I am addressing a 4 class classification problem. It’s a 1D data set with ~145000 samples and 70 features. MLP architecture: [70 - 400 - 4]. Adam with 10^-5 learning rate. batch size=32. Currently I’m getting train accuracy of ~55% and validation accuracy of ~52-53%. I was hoping addressing class imbalance would improve network performance.
I tried the following to overcome class imbalance problems.
Try 1: Weighted sampling
u = np.unique(labels_t)
w = np.histogram(labels_t, bins=np.arange(min(u), max(u)+2))
weights = 1/torch.Tensor(w)
sampler = torch.utils.data.sampler.WeightedRandomSampler(weights.double(), batch_size)
How many classes do you have and how is the imbalance proportion wise?
The accuracies in the first figure might come from overfitting to the majority class, thus the general accuracy seems to be good, while the mean per class accuracies are bad.

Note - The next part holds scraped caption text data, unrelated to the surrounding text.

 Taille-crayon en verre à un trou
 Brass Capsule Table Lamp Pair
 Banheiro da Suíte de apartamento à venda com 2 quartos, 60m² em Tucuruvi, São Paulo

Have a look at the Accuracy paradox to see, why the accuracy might lead to wrong assumptions in an imbalanced setting.
I’ll wait for the confusion matrices before further speculation.
It’s a 4 class classification.
The number of samples for the classes in train set look something like: [15%, 40%, 30%, 15%]
Validation set is similar.
Orange curve is train accuracy and blue curve is validation accuracy
MLP without weighted Loss
MLP with weighted Loss
Ok, the diagonal numbers in the matrix have increased using weighted loss – which is a good sign.
Any inputs on how I can improve train and validation accuracy? Unfortunately, I don’t have the privilege of getting more train data. I’m training a MLP: [70 6000 4] without weighted loss, just to see if I’m able to overfit on train data.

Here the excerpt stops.